Bill Bedenbaugh spent his formative football years in St. Charles, arriving as a seventh-grader in the mid-1980s before helping stabilize St. Charles High’s offensive line.
He figured he’d see more of Chicagoland after college graduation. Then came a fortunate phone call that has spurred a series of others.
Last week, Bedenbaugh helped scheme Oklahoma past Sugar Bowl favorite Alabama as OU’s first-year offensive line coach. Almost 19 years ago, he began his college coaching career in the same position at Oklahoma Panhandle State when a coach departing his alma mater, Iowa Wesleyan, offered a surprise position.

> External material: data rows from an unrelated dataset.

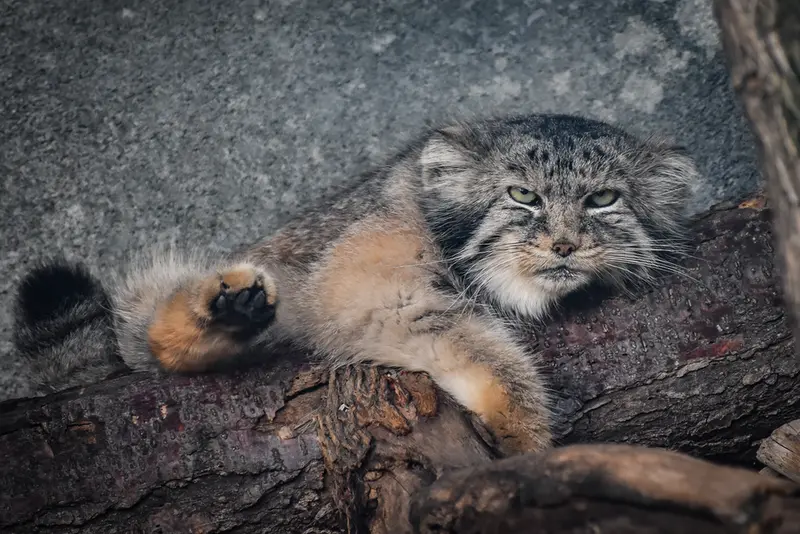 コロンバス動物園・水族館のパヴァルの写真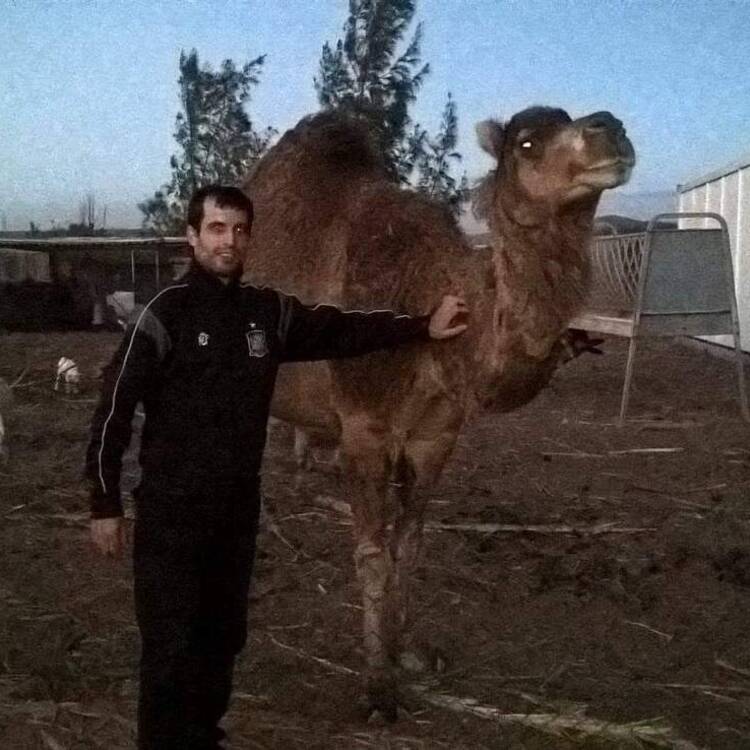 Foto de perfil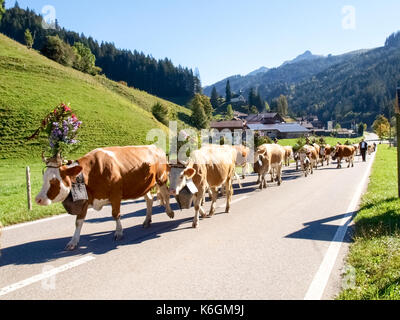 Berner Oberland, Schweiz - Oktober 4, 2016: wanderimkerei mit traditionellen Kleider mit Kühe mit Glocken und Blumen dekoriert. Stockfoto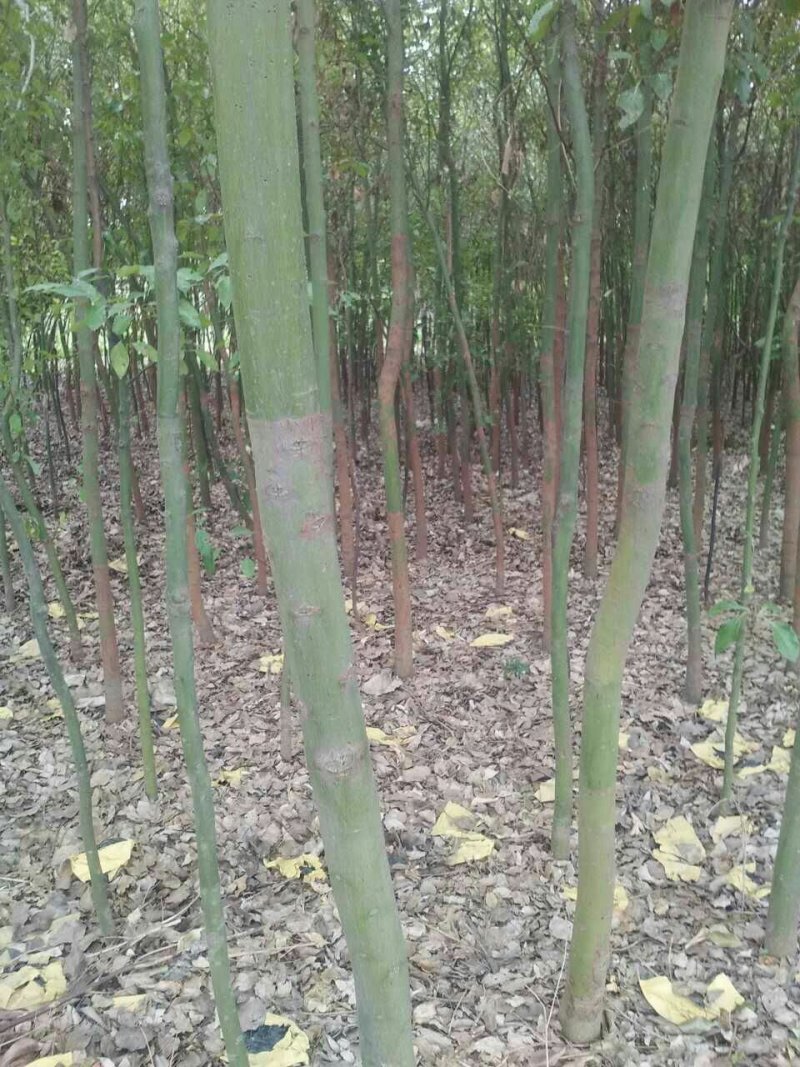 香樟树香樟树苗（小苗2--6公分）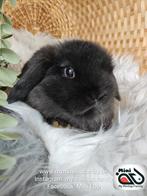 Baby minilop lapin mâle de race pure (transport possible), Mâle, Nain, Oreilles tombantes, 0 à 2 ans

“It’s one of those things where you do the best job you can wherever you’re at,” Bedenbaugh said, “and then, for whatever reason, people kind of take notice.”
If it lands you in Boomer Sooner country, all the better.
The Sugar Bowl marked the 13th bowl game in which Bedenbaugh has coached. The first seven came at Texas Tech, where his Iowa Wesleyan coach, Mike Leach, cultivated a pass-happy offensive pedigree that since has taken Leach to Washington State.
Before landing in Lubbock, Texas – and, subsequently, NCAA Division I campuses at Arizona, West Virginia and Oklahoma – Bedenbaugh began his ascent on the smaller-school circuit. He admittedly thought lining fields, mopping weight room floors and driving buses at Panhandle State – “You know, all those things that you don’t do at Oklahoma,” Bedenbaugh said – would be standard wherever he went.
That’s helped him savor the OU experience even more after first getting a taste from Texas Tech’s Big 12 rivalry with the Sooners. Bedenbaugh figures he and wife Maryde, an Oklahoma native, could be in Norman for awhile alongside daughter Lacy and son William.
“I mean, do you have aspirations and things like that, yeah? But you do the best job wherever you are and you work as hard as you can wherever you are and then if opportunities arise, then you kind of evaluate them and see where you’re at with them,” Bedenbaugh said. “There’s been a lot of opportunities that have come up and different situations I haven’t pursued, for whatever reason, so you’ve just got to find what the best thing for you and your family is.
“But the thing, you know, when you get to a place like Oklahoma, in reality, to me and to most people around the country ... there’s not much better than this. So there’s really, in my mind, nowhere to go from here.”
Much of Bedenbaugh’s family remains rooted in St. Charles, including his parents and brother, Ken, who works at the Norris Center as a facilities manager. Another brother, Jake, lives in Lake Geneva, Wis. Bedenbaugh has three half-brothers in South Carolina.
The Palmetto State never was a stop on the Bedenbaugh coaching tour, but it is one of the hubs of the Southeastern Conference, a league that also houses Alabama and what Sooners coach Bob Stoops has deemed lots of unnecessary hype.
The SEC produced the past seven national champions entering the season – Florida State’s last-minute heroics against Auburn in Monday’s BCS championship game prevented an eighth straight win – but Stoops was vocal in contending the rest of major college football could compete.
He and OU proved as much with a 45-31 victory against two-time defending champion Alabama.
“Obviously, doing that on that stage and playing so well on that stage obviously helps everything,” Bedenbaugh said. “The excitement, the recruiting, the players here wanting to get back to work and do even better next year.”
It’s also a pretty good conversation-starter for the next time Bedenbaugh gets home or touches base with former coaches. The 1990 St. Charles High graduate played under Buck Drach. His offensive line coach was Mark Gould, who was the lone coach in St. Charles North program history before retiring at the end of the 2012-13 school year.
Bedenbaugh recalls returning home from college and aspiring to start coaching locally and see where it took him. The phone rang, and he was off to Goodwell, Okla. Seven schools later, he’s back in Oklahoma, presumably to stay.
It’s like he always tells players: It’s all about being in the right position.
“You don’t get these opportunities very often, you know,” Bedenbaugh said, “and I was very fortunate to have it, and very fortunate to be here.”